Reputation: 984
I want to filter a dataframe using dplyr using a conditional. The condition I want to test is whether a country-year combination has two versions.
df <- data.frame(country = c("country1", "country2", "country1", "country2", "country3"), year = rep(2011,5), version = c("versionA", "versionA", "versionB", "versionB", "versionB"))
Here is what I tried after looking here:
df %>%
group_by(country, year) %>%
{if unique(version)==1 . else filter(version == "versionA")}
What I am hoping to get is a dataframe that looks like this:
country year version
country1 2011 versionA
country2 2011 versionA
country3 2011 versionB
Upvotes: 2
Views: 436
Reputation: 5798
Base R one-liner thanks (@akrun):
df[!(duplicated(df[1:2])),]
Base R one-liner:
df[!(duplicated(df$country, df$year)),]
Tidyverse solution:
library(tidyverse)
df %>%
filter(!(duplicated(country, year)))
A more generic base R solution:
# Create a counter of versions for each year and country:
df$tmp <- with(lapply(df, function(x){if(is.factor(x)){as.character(x)}else{x}}),
ave(version, paste0(country, year), FUN = seq.int))

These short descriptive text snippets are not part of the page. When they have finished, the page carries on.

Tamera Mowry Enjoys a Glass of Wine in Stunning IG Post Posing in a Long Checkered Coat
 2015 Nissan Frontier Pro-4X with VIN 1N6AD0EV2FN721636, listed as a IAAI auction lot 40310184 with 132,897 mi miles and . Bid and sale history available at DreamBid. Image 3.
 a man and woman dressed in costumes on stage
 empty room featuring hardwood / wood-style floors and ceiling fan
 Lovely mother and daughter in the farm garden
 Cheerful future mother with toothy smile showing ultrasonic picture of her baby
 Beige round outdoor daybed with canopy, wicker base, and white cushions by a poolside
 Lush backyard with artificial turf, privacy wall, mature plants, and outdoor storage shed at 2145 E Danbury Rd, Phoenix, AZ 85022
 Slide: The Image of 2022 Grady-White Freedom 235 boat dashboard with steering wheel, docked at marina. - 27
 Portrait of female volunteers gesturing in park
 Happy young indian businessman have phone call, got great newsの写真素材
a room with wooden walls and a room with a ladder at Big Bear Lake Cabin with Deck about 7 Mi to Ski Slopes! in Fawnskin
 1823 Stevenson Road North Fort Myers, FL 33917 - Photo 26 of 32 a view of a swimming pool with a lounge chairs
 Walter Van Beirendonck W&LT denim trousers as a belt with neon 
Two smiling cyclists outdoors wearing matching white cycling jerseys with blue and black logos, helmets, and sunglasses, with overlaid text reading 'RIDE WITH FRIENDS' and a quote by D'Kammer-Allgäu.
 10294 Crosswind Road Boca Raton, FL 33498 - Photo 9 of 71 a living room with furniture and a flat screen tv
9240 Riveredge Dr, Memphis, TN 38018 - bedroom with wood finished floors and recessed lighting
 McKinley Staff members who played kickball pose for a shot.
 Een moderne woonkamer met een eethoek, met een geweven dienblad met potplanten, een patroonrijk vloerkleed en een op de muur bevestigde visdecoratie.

# Subset the dataframe to hold only the first record for each year/country:
df[which(df$tmp == 1), ]
A more generic tidyverse solution:
df %>%
arrange(version) %>%
filter(!(duplicated(country, year)))
Upvotes: 1
Reputation: 887901
After grouping by 'country', 'year', filter
if number of distinct elements is greater than 1 return the 'versionA', or else return the first element
library(dplyr)
df %>%
group_by(country, year) %>%
filter((n_distinct(version) > 1 & version == 'versionA')|row_number() == 1)
# A tibble: 3 x 3
# Groups: country, year [3]
# country year version
# <fct> <dbl> <fct>
#1 country1 2011 versionA
#2 country2 2011 versionA
#3 country3 2011 versionB
Or this can be added in a if/else
df %>%
group_by(country, year) %>%
filter(if(n_distinct(version) > 1) version == 'versionA'
else row_number() ==1)
# A tibble: 3 x 3
# Groups: country, year [3]
# country year version
# <fct> <dbl> <fct>
#1 country1 2011 versionA
#2 country2 2011 versionA
#3 country3 2011 versionB
Or another option is arrange
df %>%
arrange(country, year, version != 'versionA') %>%
group_by(country, year) %>%
slice(1)
Or with summarize
df %>%
group_by(country, year) %>%
summarise(version = if(n_distinct(version) > 1) 'versionA' else first(version))
Or using data.table
library(data.table)
setDT(df)[, .SD[if(n_distinct(version) > 1) version == 'versionA'
else 1], .(country, year)]
Upvotes: 1
Reputation: 389275
To count the number of unique values we can use n_distinct
and filter the rows based on that.
library(dplyr)
df %>%
group_by(country, year) %>%
filter(if(n_distinct(version) == 2) version == 'versionA' else TRUE)
# country year version
# <fct> <dbl> <fct>
#1 country1 2011 versionA
#2 country2 2011 versionA
#3 country3 2011 versionB
Upvotes: 2